Saturday, June 21, 2014

Creativity Inc and Software Dev: Why We Iterate, Part 2: Evolve the Product

This is part 2 of my discussion on why using iterations are important to both Pixar making films and developers writing software. Part 1 covered the benefits of rapid feedback. In this post I'm going to focus on evolving the product. As a reminder, here are the quotes that inspired me for these 2 posts:
The plot would transform again and again over many months...
...we are true believers in the power of bracing, candid feedback and the iterative process—reworking, reworking, and reworking again...

(Excerpts From: Ed Catmull with Amy Wallace. Creativity, Inc., Chapter 3, P. 85, Chapter 5, P. 127.)

It should be obvious, but I think many people miss the point of iterations. They are used to iterate the product, whether it is a film or software. By iterate, I mean to evolve and improve the product. How often have we heard Pixarians like John Lasseter, Andrew Stanton or Lee Unkrich talk about how they are continuously "plussing" or improving the film. The same goes for writing software, and was made clearer to me when I read a blog post on the Simple Programmer website. As discussed in this article, the point of iterations are to gradually improve the product, not introduce and fully complete functionality. Developing a product with iterations is not meant to be a linear process. That would be like the filmmakers at Pixar saying "OK, in this iteration we are going to work on scene X - write the script, storyboard, animate and finish the scene." But that's not iterating, that's just doing many small waterfall cycles. It's about the evolution of the product, making it better with each iteration.

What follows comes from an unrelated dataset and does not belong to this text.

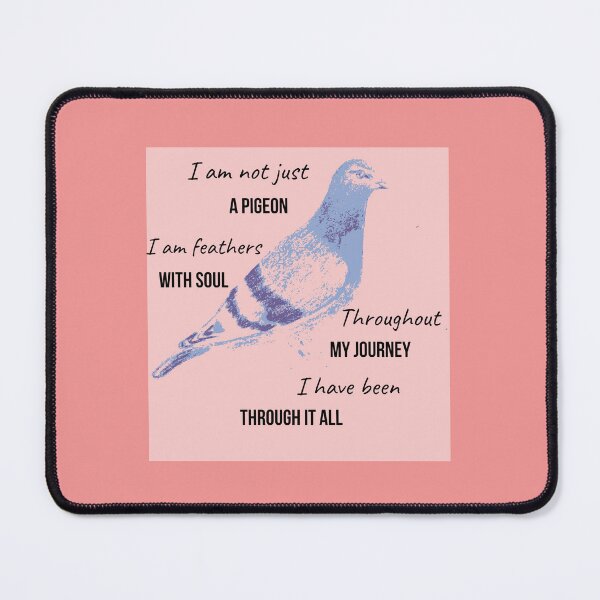 Item preview, Not Just A Pigeon Poem - Animal Advocacy and Rescue, Blue and Pink Color designed and sold by Julia N.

I'll discuss iterations more in future posts, but in the meantime here's a great article regarding iterating not just the product but project teams as well.

Monday, June 16, 2014

Creativity Inc and Software Dev: Why We Iterate, Part 1: Rapid Feedback

In this post of my continuing series on comparing the principles Pixar uses to create films to developing software, we again meet one of the key concepts in Agile development - the iteration.
The plot would transform again and again over many months...
...we are true believers in the power of bracing, candid feedback and the iterative process—reworking, reworking, and reworking again...

(Excerpts From: Ed Catmull with Amy Wallace. Creativity, Inc., Chapter 3, P. 85, Chapter 5, P. 127.)

I could talk a long time about iterations, but rather than one long and probably boring post, I will break it up into 2 shorter (but maybe still boring) posts. This first one will focus on the benefits of getting feedback early and often.

Pixar's process for developing films is very iterative. Their films don't get built in a linear "waterfall" fashion, going from writing to storyboarding to animating to lighting. Instead, it's an iterative, agile-like process (granted, their iterations are longer than the usual software sprint or iteration). Every few months, the filmmakers gather everyone at the company to view the film in its current state. Early on, the film is just in storyboard form with scratch voices and music. After eac screening, everyone is able to give notes - what's working, what's not, etc. As Ed says in the second quote above, candid and frequent feedback is critical to their process. The filmmakers take these notes and go back at it, re-working and re-boarding scenes, and slowly moving the film forward.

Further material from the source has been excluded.